— What to produce —
Copy every record verbatim but exclude the pictures.

— Data shown —
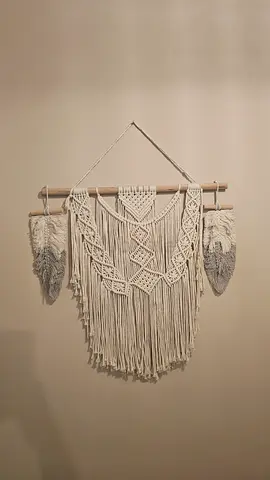 Handmade macrame boho wall hanging - neutral cotton fringe decor
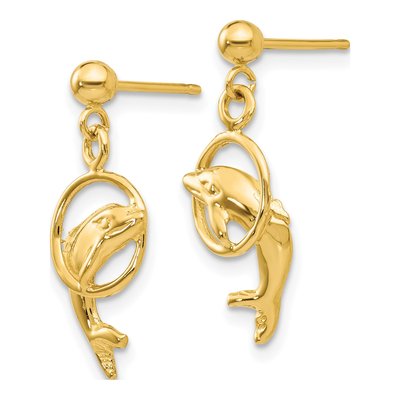 14K Yellow Gold Dolphin Dangle Earrings – view 3
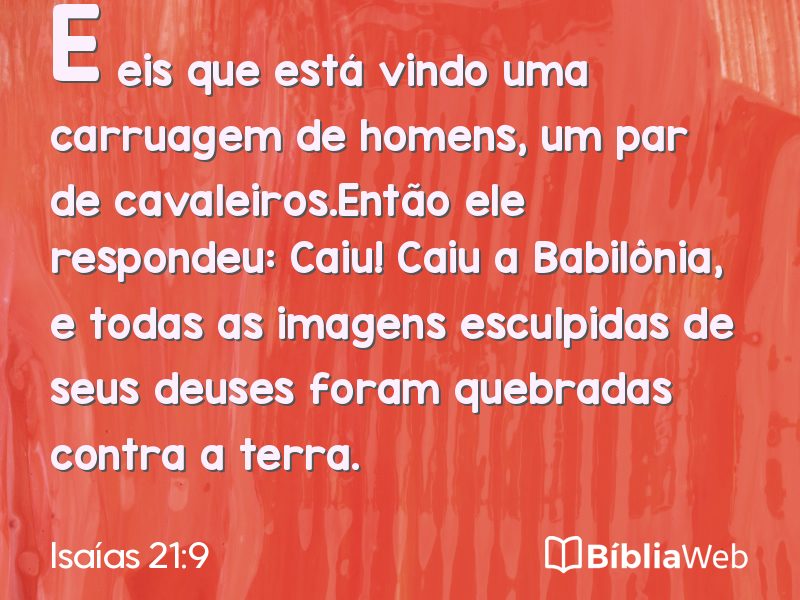 Isaías 21:9 em imagem para compartilhar
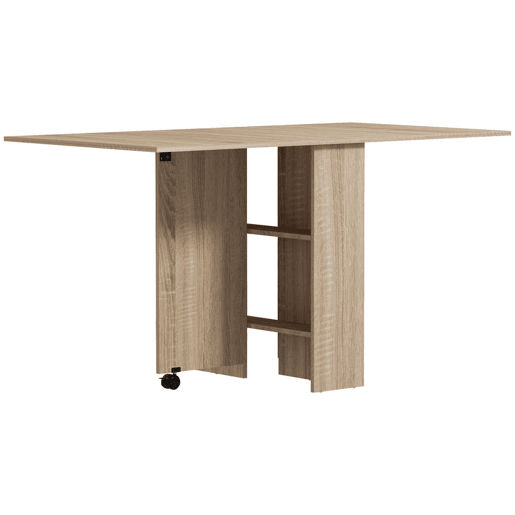 HOMCOM Mesa de Sala de Jantar Dobrável Mesa de Madeira com 2 Prateleiras de Armazenamento e Rodas para Cozinha 75x140x74 cm Madeira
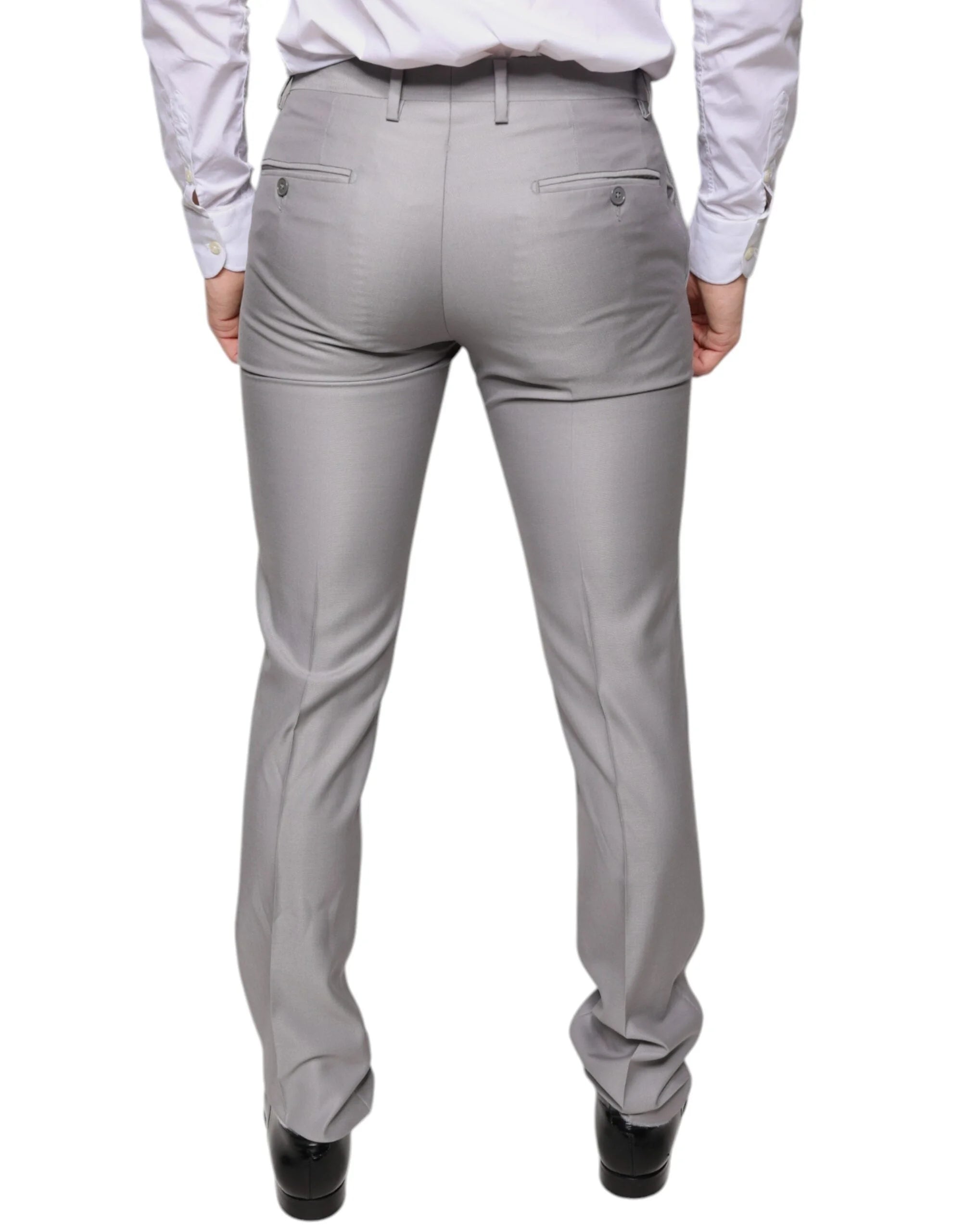 Dolce & Gabbana Light Gray Wool Dress Pants - IT44 | XS - Trousers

— Your solution —
 Handmade macrame boho wall hanging - neutral cotton fringe decor
 14K Yellow Gold Dolphin Dangle Earrings – view 3
 Isaías 21:9 em imagem para compartilhar
 HOMCOM Mesa de Sala de Jantar Dobrável Mesa de Madeira com 2 Prateleiras de Armazenamento e Rodas para Cozinha 75x140x74 cm Madeira
 Dolce & Gabbana Light Gray Wool Dress Pants - IT44 | XS - Trousers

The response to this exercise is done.